The shoulder is made up of the humeral head (bone of the arm) which overlaps with the scapula, with the whole joint surrounded by a capsule. The scapula (the acromial portion) rejoins the collarbone above the shoulder, which is where the name of the joint comes from: the acromioclavicular. A few ligaments also connect this joint

Causes

This type of trauma is often caused by direct trauma to the side of the shoulder or of the elbow, or to the arm during full extension (falling on the buttocks with the arms protecting you from behind). It is therefore frequent to see this type of injury during contact sports or activities with a high risk of falling at high speed, such as mountain or road biking or snowboarding.  A fall on ice or on stairs, as banal as it may seem, can also be the cause of this type of sprain.

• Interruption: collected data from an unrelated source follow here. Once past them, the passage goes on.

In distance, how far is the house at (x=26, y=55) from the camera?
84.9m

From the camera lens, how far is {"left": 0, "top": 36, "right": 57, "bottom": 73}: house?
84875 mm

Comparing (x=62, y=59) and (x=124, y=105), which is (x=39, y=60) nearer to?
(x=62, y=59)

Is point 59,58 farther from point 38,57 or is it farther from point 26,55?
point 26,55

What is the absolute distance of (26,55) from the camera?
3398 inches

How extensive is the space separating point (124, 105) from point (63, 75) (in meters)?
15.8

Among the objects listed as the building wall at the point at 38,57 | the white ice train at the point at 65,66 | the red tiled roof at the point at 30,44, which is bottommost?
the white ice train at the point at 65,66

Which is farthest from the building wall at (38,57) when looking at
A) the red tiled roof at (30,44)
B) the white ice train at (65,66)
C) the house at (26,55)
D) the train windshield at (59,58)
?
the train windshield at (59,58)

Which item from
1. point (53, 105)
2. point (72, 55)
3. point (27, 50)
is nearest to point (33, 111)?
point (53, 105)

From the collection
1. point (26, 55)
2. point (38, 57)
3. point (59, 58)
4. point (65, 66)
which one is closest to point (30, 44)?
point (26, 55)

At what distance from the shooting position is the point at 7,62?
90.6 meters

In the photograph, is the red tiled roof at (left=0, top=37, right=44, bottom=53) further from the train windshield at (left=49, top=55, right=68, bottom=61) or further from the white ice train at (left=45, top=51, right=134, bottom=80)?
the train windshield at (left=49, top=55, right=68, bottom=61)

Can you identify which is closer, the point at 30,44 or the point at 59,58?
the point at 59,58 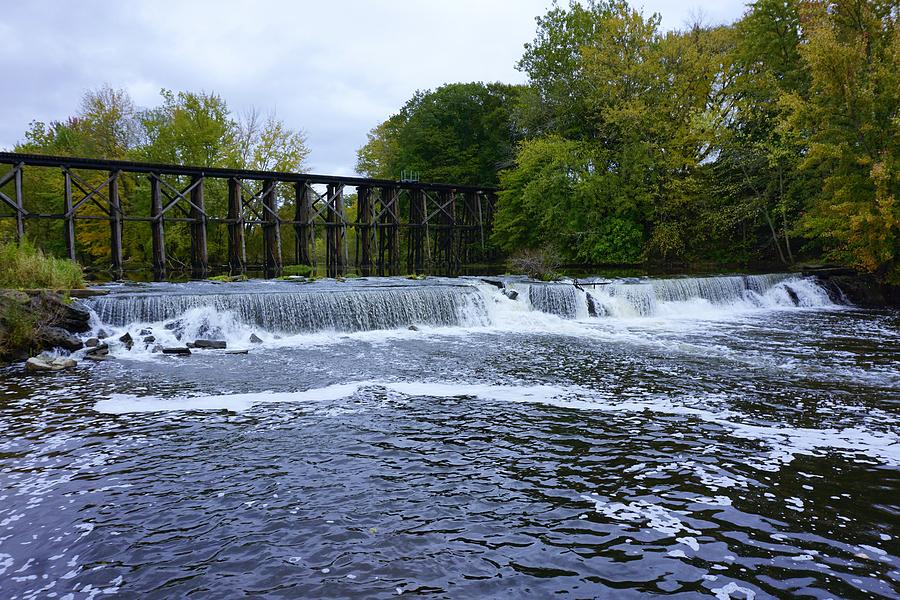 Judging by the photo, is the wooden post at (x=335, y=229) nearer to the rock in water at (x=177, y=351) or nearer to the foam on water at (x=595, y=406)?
the rock in water at (x=177, y=351)

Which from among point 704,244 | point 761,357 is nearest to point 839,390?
point 761,357

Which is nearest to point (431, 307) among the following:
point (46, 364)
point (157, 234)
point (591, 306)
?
point (591, 306)

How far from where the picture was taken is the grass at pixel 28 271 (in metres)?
11.3

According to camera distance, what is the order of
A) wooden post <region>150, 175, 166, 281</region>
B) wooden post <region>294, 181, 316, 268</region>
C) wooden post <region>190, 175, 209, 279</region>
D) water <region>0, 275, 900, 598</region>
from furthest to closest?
wooden post <region>294, 181, 316, 268</region> < wooden post <region>190, 175, 209, 279</region> < wooden post <region>150, 175, 166, 281</region> < water <region>0, 275, 900, 598</region>

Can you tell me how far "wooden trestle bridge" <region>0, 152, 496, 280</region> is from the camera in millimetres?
21047

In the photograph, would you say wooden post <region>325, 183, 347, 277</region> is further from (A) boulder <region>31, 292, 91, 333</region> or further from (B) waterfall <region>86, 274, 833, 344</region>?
(A) boulder <region>31, 292, 91, 333</region>

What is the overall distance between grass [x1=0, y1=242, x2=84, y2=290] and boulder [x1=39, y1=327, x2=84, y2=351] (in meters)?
1.93

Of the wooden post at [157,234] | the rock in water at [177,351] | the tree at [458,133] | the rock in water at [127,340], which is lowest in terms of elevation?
the rock in water at [177,351]

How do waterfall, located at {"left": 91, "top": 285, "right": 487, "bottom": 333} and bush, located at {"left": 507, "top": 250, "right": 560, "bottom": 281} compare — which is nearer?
waterfall, located at {"left": 91, "top": 285, "right": 487, "bottom": 333}

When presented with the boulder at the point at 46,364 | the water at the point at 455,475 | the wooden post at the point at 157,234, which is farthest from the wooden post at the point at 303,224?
the boulder at the point at 46,364

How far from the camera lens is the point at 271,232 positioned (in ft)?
90.5

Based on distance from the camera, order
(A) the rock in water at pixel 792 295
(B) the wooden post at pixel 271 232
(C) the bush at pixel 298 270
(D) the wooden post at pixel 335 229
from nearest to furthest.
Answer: (A) the rock in water at pixel 792 295, (B) the wooden post at pixel 271 232, (C) the bush at pixel 298 270, (D) the wooden post at pixel 335 229

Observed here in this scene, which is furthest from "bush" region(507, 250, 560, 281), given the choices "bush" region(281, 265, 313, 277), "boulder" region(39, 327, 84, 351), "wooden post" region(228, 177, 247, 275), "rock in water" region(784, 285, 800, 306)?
"boulder" region(39, 327, 84, 351)

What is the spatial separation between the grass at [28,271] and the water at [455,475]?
9.35ft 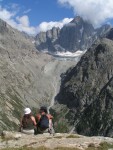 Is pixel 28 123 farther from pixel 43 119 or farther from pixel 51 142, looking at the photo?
pixel 51 142

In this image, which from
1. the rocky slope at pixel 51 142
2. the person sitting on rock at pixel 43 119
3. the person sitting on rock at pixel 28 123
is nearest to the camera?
the rocky slope at pixel 51 142

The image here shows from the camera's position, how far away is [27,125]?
36250mm

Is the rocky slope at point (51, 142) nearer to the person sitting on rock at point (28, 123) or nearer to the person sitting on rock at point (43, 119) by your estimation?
the person sitting on rock at point (28, 123)

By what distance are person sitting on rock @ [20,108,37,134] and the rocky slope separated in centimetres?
60

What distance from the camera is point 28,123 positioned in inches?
1407

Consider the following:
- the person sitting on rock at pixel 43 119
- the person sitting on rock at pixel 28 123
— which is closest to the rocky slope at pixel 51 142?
the person sitting on rock at pixel 28 123

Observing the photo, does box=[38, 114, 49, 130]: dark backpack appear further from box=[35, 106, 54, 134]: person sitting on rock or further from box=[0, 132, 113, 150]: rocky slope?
box=[0, 132, 113, 150]: rocky slope

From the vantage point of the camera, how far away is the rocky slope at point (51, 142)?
3241 cm

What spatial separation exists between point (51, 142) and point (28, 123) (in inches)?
117

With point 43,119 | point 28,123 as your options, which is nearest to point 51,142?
point 43,119

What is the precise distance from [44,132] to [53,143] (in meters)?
3.53

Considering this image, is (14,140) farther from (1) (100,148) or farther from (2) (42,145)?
(1) (100,148)

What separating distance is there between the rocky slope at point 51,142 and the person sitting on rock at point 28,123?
60cm

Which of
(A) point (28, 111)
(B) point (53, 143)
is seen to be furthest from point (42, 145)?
(A) point (28, 111) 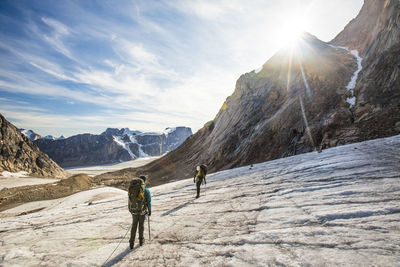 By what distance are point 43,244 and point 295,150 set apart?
25.2m

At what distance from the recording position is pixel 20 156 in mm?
69688

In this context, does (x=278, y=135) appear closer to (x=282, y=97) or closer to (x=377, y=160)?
(x=282, y=97)

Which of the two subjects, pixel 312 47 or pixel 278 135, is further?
pixel 312 47

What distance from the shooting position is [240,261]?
3424 millimetres

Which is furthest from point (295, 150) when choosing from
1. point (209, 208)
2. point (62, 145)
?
point (62, 145)

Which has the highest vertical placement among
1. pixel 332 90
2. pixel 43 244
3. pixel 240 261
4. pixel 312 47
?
pixel 312 47

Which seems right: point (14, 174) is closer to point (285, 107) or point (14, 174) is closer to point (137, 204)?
point (137, 204)

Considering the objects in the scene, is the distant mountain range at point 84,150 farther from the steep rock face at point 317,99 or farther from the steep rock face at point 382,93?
the steep rock face at point 382,93

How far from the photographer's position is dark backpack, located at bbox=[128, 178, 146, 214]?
5.26 m

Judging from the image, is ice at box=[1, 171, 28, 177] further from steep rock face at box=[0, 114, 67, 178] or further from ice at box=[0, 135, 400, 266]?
ice at box=[0, 135, 400, 266]

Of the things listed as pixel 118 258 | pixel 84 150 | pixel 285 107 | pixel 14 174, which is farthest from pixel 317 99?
pixel 84 150

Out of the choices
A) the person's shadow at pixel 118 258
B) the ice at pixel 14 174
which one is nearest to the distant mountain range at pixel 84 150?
the ice at pixel 14 174

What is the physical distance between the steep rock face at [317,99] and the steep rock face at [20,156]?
61366 mm

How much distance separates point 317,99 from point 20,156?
98325mm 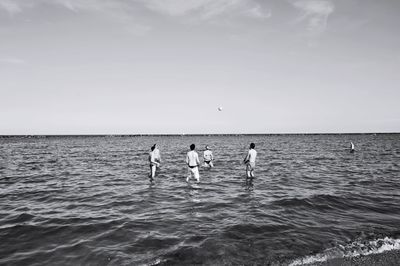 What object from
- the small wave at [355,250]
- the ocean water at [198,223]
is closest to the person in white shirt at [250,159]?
the ocean water at [198,223]

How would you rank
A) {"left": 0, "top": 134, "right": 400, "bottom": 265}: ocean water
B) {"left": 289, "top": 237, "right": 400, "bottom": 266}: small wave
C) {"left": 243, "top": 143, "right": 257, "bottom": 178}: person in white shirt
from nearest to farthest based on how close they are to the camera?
{"left": 289, "top": 237, "right": 400, "bottom": 266}: small wave, {"left": 0, "top": 134, "right": 400, "bottom": 265}: ocean water, {"left": 243, "top": 143, "right": 257, "bottom": 178}: person in white shirt

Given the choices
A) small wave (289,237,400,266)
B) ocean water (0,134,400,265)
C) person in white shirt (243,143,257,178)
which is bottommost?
ocean water (0,134,400,265)

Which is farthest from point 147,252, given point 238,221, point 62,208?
point 62,208

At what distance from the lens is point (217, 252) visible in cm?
716

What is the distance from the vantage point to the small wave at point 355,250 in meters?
6.65

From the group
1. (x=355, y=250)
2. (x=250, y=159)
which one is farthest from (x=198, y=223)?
(x=250, y=159)

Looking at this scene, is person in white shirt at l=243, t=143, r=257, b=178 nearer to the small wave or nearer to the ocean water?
the ocean water

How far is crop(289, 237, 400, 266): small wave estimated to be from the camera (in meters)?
6.65

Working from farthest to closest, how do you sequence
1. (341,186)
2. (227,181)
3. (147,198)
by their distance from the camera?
1. (227,181)
2. (341,186)
3. (147,198)

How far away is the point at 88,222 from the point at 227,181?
10.1 m

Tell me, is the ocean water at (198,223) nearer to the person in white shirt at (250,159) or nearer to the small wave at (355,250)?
the small wave at (355,250)

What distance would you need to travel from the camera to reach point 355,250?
713cm

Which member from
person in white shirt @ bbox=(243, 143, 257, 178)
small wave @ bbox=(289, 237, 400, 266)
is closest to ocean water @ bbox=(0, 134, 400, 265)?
small wave @ bbox=(289, 237, 400, 266)

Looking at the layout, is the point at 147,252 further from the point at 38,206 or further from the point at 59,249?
the point at 38,206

Description of the injury and clinical presentation

An acromioclavicular sprain mainly involves the ligament structures and includes varying degreess of severity:

  1. Ligament strain
  2. Partial ligament tear with slight muscle involvement (trapezius and deltoid)
  3. Complete ligament tear with off-center joint and major muscle injury.

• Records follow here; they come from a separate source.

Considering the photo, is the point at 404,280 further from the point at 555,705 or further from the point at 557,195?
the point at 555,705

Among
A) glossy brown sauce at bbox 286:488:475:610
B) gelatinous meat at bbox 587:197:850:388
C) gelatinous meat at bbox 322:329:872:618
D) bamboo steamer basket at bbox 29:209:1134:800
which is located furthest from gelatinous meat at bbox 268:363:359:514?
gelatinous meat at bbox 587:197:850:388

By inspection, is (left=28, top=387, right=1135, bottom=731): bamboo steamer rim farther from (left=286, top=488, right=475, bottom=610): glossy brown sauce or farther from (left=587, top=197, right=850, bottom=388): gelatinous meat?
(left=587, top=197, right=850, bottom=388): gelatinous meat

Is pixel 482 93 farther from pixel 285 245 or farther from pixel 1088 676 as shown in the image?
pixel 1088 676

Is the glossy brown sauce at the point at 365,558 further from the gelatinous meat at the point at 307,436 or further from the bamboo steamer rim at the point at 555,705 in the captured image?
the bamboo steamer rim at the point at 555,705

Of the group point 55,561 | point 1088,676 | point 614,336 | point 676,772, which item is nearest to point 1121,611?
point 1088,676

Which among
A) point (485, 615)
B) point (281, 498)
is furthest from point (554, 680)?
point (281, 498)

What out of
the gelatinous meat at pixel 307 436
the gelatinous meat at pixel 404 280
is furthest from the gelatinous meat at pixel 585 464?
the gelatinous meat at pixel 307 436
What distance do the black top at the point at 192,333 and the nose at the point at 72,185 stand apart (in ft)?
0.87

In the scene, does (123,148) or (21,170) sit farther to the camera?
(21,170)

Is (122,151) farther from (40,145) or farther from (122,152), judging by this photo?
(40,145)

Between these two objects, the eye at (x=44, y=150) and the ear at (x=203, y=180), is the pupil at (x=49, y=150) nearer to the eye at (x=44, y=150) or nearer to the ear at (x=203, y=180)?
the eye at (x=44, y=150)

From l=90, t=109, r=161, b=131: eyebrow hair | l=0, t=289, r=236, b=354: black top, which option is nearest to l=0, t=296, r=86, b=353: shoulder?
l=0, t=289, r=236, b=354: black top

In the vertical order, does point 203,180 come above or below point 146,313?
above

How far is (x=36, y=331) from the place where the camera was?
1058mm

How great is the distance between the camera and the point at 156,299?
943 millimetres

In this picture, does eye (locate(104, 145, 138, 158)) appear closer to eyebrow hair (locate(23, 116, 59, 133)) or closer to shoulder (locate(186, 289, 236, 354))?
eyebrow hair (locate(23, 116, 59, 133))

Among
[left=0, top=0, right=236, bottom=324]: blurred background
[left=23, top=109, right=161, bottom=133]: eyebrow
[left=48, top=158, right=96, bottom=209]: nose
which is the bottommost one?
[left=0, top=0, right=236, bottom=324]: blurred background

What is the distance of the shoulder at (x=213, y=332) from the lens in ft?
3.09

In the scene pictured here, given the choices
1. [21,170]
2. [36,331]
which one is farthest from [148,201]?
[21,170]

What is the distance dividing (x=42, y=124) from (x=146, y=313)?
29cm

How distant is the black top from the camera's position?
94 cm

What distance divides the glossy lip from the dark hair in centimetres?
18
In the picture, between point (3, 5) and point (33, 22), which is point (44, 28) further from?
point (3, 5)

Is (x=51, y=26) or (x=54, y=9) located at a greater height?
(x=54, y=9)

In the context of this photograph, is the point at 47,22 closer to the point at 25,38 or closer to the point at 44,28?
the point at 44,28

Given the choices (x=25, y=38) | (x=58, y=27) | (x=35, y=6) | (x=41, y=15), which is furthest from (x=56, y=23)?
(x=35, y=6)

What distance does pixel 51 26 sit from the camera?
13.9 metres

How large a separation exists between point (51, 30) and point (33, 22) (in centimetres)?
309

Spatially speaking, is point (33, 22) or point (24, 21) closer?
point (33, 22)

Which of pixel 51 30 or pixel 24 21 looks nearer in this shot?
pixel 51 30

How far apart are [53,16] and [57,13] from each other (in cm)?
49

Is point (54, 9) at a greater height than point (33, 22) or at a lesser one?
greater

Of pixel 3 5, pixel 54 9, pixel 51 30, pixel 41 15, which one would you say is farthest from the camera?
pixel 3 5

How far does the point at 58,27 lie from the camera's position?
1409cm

Often, the patient presents with a specific traumatic history. The pain is very localized and without deformity. Movements that raise the shoulder and cross the arms in front of the chest are the most painful. The patient is usually given relief by supporting the shoulder with a sling, with an arm support (chair) or simply with the assistance of the other arm.

Treatments

Treatment varies according to the degree of the injury It is first important to address pain and inflammation. Immobilization with taping or a brace may be required depending on the sprain. Ice and anti-inflammatories are first implemented. Ultrasound can simultaneously reduce inflammation and aid in healing. Often, friction at the ligament level can help reduce scar tissue and encourage adequate healing of fibers. Interventions at the trapezius, deltoid, and scapula are useful for loosening and for muscle healing.

Reinforcement and mobility exercises are also important, once pain and inflammation are well-controlled. Recovery can take several weeks depending on the degree and collateral muscular damage (such as rotator cuff tears). Surgery is very rare, and is only used in cases beyond the 3rd degree. The benefits versus the drawbacks of surgery must be seriously considered.